Clark Lake Park is a 150 acre park in Kent, Washington, United States, with the eponymous Clark Lake, 8 acre in size, the main highlight of the park.

==Description==
Clark Lake is surrounded by a 150 acre park. The park's major feature is a loop trail, which partially encircles the lake. The trail will be completed once the Ruth property is integrated into the park. The park is rural and forested, which contrasts with the denser development surrounding it. Activities include fishing from a dock on the lake, wildlife viewing, BMX biking, and hiking/walking. Clark Lake has a 338 acre watershed, which includes most of the park as well as areas northwest of the lake. Measurements of its water quality were only taken in 2003 and 2004, but both measurements indicated that the lake was borderline eutrophic. Overall, the water quality was classified as fair or good.
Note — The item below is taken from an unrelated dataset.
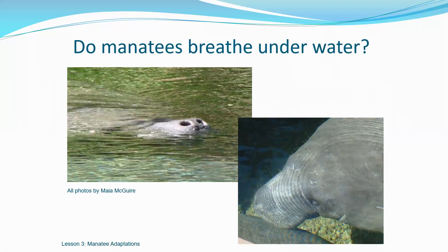Do you think that a manatee breathes underwater like a fish, or do you think that they have to hold their breath like a person? Manatees actually breathe air, just like humans, so this means that they have to hold their breath underwater. Their special adaptation is that they can close their nostrils so water doesn't go into their lungs. This is like we are holding our nose when we dive underwater. On the slide, one picture shows the manatee's nostrils are open, and the other shows they are closed. When the manatee surfaces to breathe, only their nose has to come out of the water. Did you know that manatees can hold their breath for up to 20 minutes? The average person can only hold their breath for 30 to 45 seconds.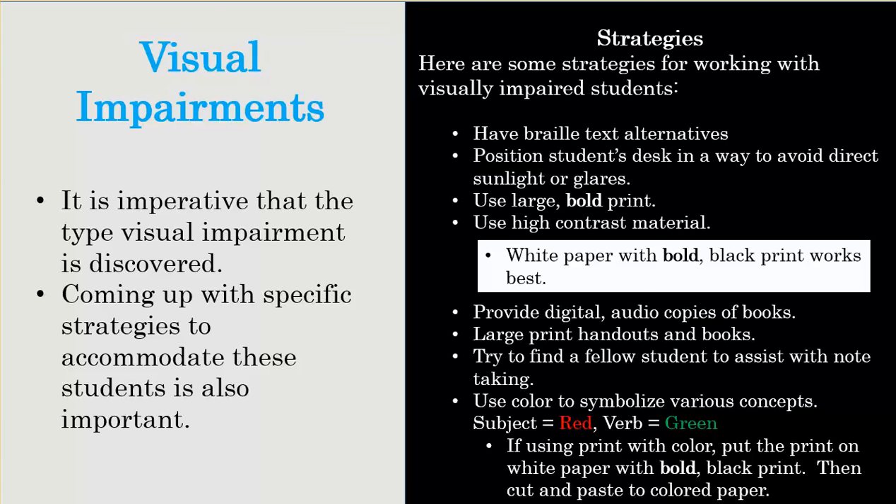Using color is another strategy, but the colors need to be discussed with students. For example, when going over subjects and verbs, use red for subjects and green for verbs — when you put that on the board it makes it much clearer and easier for students to identify each word. Visually impaired students are really going to be drawn to it quickly. Every little strategy and accommodation you can come up with to reach your students, especially those with visual impairments, is going to be key.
The final 17 acres of land, known as the Ruth Property, were acquired by Kent City Council in 2022 for $7.2 million. Acquiring this property was a long-term goal for the city, since at least 1971. King County provided over $2 million in funding to help acquire this land, as part of a $52 million open space preservation initiative. The Ruth property was the last private property surrounding the lake. Its purchase will allow the city to complete the loop trail around the lake. City and county officials hope that completing the loop trail will help increase the popularity of the park. In addition, the city wished to control the entire shoreline of the lake to better protect water quality and wildlife habitat. If the property remained privately owned, development of the parcel could threaten the lake and the integrity of the park.